(INFORMATION GIVEN)
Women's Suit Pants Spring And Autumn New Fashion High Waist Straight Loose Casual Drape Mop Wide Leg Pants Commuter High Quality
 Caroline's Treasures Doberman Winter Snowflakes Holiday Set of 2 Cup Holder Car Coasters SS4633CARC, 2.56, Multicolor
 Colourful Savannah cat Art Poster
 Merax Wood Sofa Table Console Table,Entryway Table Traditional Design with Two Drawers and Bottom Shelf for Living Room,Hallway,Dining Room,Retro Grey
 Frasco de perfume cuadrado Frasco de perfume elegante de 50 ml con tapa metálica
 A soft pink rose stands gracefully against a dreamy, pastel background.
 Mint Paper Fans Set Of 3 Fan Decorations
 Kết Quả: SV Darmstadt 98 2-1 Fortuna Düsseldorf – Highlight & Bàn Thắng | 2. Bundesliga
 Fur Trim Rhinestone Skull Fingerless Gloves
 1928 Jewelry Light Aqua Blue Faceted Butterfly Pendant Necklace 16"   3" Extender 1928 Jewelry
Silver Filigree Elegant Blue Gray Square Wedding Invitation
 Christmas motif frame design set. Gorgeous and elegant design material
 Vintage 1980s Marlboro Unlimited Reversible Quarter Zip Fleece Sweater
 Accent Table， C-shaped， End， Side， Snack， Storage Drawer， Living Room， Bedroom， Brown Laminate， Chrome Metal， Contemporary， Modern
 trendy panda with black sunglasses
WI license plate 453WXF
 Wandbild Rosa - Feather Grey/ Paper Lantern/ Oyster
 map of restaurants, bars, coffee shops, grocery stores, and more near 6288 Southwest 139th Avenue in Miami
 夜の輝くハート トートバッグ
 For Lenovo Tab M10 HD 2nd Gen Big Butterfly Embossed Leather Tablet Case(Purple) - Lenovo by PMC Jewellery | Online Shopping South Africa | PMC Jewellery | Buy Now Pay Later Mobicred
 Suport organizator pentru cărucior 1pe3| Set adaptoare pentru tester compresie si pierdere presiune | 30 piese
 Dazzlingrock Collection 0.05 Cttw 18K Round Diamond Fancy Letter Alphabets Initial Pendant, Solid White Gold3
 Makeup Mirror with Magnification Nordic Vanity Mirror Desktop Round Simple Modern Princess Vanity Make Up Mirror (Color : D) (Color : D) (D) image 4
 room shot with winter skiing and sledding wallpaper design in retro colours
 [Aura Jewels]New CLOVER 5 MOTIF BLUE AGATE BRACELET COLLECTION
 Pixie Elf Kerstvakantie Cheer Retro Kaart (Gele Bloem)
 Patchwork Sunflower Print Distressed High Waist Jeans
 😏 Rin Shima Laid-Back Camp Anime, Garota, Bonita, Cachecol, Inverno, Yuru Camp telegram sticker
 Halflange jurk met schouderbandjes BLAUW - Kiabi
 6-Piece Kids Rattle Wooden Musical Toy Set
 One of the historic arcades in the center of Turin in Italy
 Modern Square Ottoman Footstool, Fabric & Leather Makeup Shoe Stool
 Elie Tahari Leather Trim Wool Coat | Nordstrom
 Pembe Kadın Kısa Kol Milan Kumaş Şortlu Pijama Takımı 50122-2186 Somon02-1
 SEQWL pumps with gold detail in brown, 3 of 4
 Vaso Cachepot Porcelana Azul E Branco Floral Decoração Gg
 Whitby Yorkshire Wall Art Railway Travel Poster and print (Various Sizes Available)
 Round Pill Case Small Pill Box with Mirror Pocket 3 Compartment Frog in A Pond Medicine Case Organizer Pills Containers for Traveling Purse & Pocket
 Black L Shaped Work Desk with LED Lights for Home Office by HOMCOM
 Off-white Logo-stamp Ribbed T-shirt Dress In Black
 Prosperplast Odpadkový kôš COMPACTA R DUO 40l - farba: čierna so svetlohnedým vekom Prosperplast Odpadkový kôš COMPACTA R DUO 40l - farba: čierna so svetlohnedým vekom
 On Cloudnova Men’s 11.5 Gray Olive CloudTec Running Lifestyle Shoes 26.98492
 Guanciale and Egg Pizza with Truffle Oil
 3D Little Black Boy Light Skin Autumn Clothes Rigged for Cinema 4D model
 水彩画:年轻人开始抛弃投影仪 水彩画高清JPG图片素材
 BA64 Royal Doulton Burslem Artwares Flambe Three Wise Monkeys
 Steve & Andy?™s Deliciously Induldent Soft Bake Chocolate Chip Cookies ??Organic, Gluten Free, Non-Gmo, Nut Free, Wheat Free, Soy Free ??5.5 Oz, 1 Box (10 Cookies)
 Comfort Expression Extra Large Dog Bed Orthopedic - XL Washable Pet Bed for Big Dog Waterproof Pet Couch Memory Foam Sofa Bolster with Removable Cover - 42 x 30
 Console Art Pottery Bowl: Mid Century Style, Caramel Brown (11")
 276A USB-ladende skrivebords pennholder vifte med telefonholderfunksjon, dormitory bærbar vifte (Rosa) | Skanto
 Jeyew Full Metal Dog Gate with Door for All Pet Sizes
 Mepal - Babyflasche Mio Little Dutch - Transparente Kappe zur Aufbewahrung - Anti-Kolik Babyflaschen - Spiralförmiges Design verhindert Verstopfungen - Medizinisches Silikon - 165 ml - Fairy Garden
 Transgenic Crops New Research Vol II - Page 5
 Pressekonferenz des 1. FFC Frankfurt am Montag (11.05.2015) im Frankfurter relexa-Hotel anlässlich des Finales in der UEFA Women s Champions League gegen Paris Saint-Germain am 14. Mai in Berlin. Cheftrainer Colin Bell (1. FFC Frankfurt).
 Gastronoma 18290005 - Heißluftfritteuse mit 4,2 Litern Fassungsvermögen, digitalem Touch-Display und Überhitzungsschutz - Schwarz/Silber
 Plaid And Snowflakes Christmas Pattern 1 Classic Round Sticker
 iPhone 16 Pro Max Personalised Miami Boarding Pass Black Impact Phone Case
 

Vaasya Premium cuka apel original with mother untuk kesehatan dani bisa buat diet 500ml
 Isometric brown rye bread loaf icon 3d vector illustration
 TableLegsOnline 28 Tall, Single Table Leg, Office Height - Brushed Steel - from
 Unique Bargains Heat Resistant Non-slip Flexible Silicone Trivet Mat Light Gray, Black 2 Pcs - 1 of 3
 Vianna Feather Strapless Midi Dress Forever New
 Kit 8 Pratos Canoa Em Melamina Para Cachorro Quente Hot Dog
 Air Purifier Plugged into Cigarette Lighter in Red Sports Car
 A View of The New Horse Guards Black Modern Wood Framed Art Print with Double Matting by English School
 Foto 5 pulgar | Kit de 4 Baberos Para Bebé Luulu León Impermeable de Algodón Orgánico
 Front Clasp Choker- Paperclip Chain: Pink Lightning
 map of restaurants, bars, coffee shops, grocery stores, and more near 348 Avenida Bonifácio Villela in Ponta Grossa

(THE PROBLEM) Looking at the data above, write out exactly the lines that start at the one containing "Steve & Andy?™s" and end at the one containing "TableLegsOnline 28 Tall, Single"; include both and nothing beyond.

(SOLUTION TO THE EXERCISE)
 Steve & Andy?™s Deliciously Induldent Soft Bake Chocolate Chip Cookies ??Organic, Gluten Free, Non-Gmo, Nut Free, Wheat Free, Soy Free ??5.5 Oz, 1 Box (10 Cookies)
 Comfort Expression Extra Large Dog Bed Orthopedic - XL Washable Pet Bed for Big Dog Waterproof Pet Couch Memory Foam Sofa Bolster with Removable Cover - 42 x 30
 Console Art Pottery Bowl: Mid Century Style, Caramel Brown (11")
 276A USB-ladende skrivebords pennholder vifte med telefonholderfunksjon, dormitory bærbar vifte (Rosa) | Skanto
 Jeyew Full Metal Dog Gate with Door for All Pet Sizes
 Mepal - Babyflasche Mio Little Dutch - Transparente Kappe zur Aufbewahrung - Anti-Kolik Babyflaschen - Spiralförmiges Design verhindert Verstopfungen - Medizinisches Silikon - 165 ml - Fairy Garden
 Transgenic Crops New Research Vol II - Page 5
 Pressekonferenz des 1. FFC Frankfurt am Montag (11.05.2015) im Frankfurter relexa-Hotel anlässlich des Finales in der UEFA Women s Champions League gegen Paris Saint-Germain am 14. Mai in Berlin. Cheftrainer Colin Bell (1. FFC Frankfurt).
 Gastronoma 18290005 - Heißluftfritteuse mit 4,2 Litern Fassungsvermögen, digitalem Touch-Display und Überhitzungsschutz - Schwarz/Silber
 Plaid And Snowflakes Christmas Pattern 1 Classic Round Sticker
 iPhone 16 Pro Max Personalised Miami Boarding Pass Black Impact Phone Case
 

Vaasya Premium cuka apel original with mother untuk kesehatan dani bisa buat diet 500ml
 Isometric brown rye bread loaf icon 3d vector illustration
 TableLegsOnline 28 Tall, Single Table Leg, Office Height - Brushed Steel - from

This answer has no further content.